Shakespeare, William. “Sonnet 116” Gardner et la, pp. 427.

Shakespeare is known for his romantic poems and stories, and this sonnet will not be the exception. In this sonnet, he defines love by using comparisons, metaphors and personification. The theme of the sonnet is definitely true love because of all his attempts to define it. He describes what love means, and why it is so essential in the life of humans. In this poem, Shakespeare is talking like a teeneger would in front of his first love. He look many ways or metaphor to define what is love, but even when he does not give a clear explanation, the reader get his idea, by understanding his attempts to explain what real and true love is. When he says “Love is not love”, I believe he means love is more than just a word or an explanation. Loves is a feeling that cannot be touch or seen just fee. In order to know what real love is you must experience the feeling of being loved, and to love someone else.

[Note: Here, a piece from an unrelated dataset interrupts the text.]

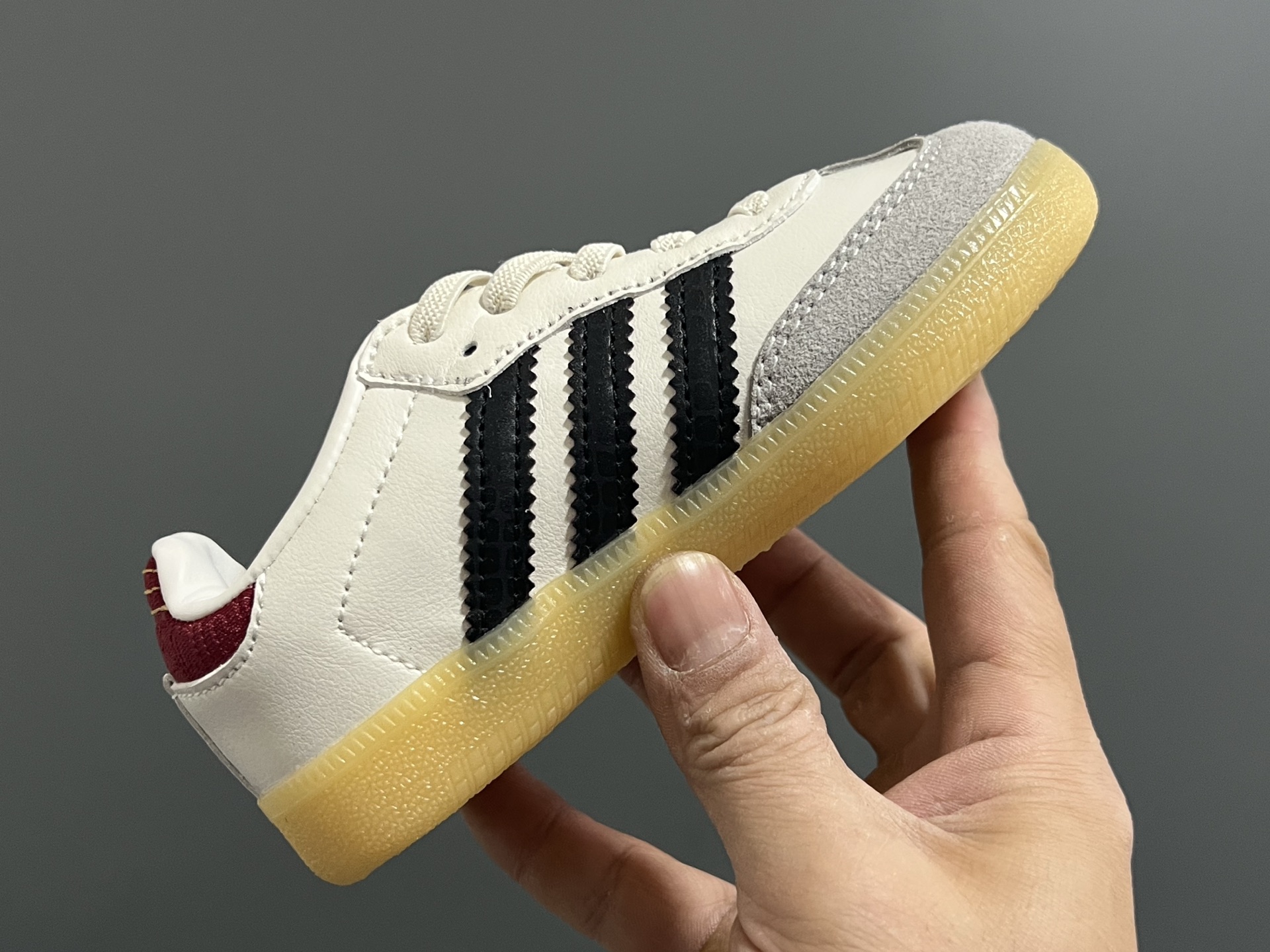 图片[6]-AD德训新年限定色儿童休闲鞋（小童） 尺码：22-27码松紧带 经典德训系列🆕 大小童匠心打造❤️ 小童松紧带，大童鞋带款 原装精致细节‼️ 质感满分💯 新年限定配色，满分推荐✔️-选品中心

Shakespeare, William. “Sonnet 18” Gardner et la, pp. 427.

In this next sonnet Shakespeare is comparing someone or something with the summer. He makes some opposing comparisons because he says that summer doesn’t long for much time. Although we know summer doesn’t last forever he could be talking about the sensation of summer, the warm environment. He also says, but your eternal summer will never fade, nor will you lose possession of your beauty, nor shall death. This poem might be written for a person who was about to die, because he also says, once you are captured in my eternal verses, as long as there is someone alive and have eyes to see, this poem will keep you alive. What he is trying to say is no matter how old you get, as soon as you read my versus your happiness and those moments when we were young and happy will come back.

“The Waste Land” College Reading and Composition ll; English 102, Instructor Rauch, Fall 2018, Los Angeles Pierce College. Handout. Pp 1-9.

Like “Prufrock,” this section of The Waste Land can be seen as modified dramatic monologue. The four speakers in this section are frantic in their need to speak and to find audience, but they find themselves surrounded by dead people and thwarted by outside circumstances, like wars. Because the sections are so shorts and the situations very confusing, the effects is not one overwhelming impression of a single character. Instead, the reader is left with the feeling of being trapped in a crowd, unable to find a familiar face. “Winter keep us warm, covering. Earth in forgetful snow, feeding a little life with dried tubers. Summer surprised us, coming over the Starnbergersee with a shower of rain; we stopped in the colonnade, and went on in sunlight, into the Hofgarderten”. This part of the poem sound like a contradiction or a wish, because winter is not warm, and they way he wish it could keep us warm is getting us together.

“Call to Creation” College Reading and Composition II English 102, Instructor Rauch, Fall 2018, Los Angeles Pierce College. Handout.1

This is a call, as the poem says, to those who are creators of themselves in a selfish way. This poem is for those who do not think about what others could be suffering. This poem was published in 1931, when China was devastated. The poem was a call of emergency, an awakening for those people that were living comfortable while others were suffering the consequences of a disaster. The speaker is saying babies are crying because they are hungry, don’t you think you can help a little bit. He recalled saying look at the rich man lying, and the poor China dying. This is an interesting poem because it reveals how the art of writing can be used to make others think about the ways in which they can help others.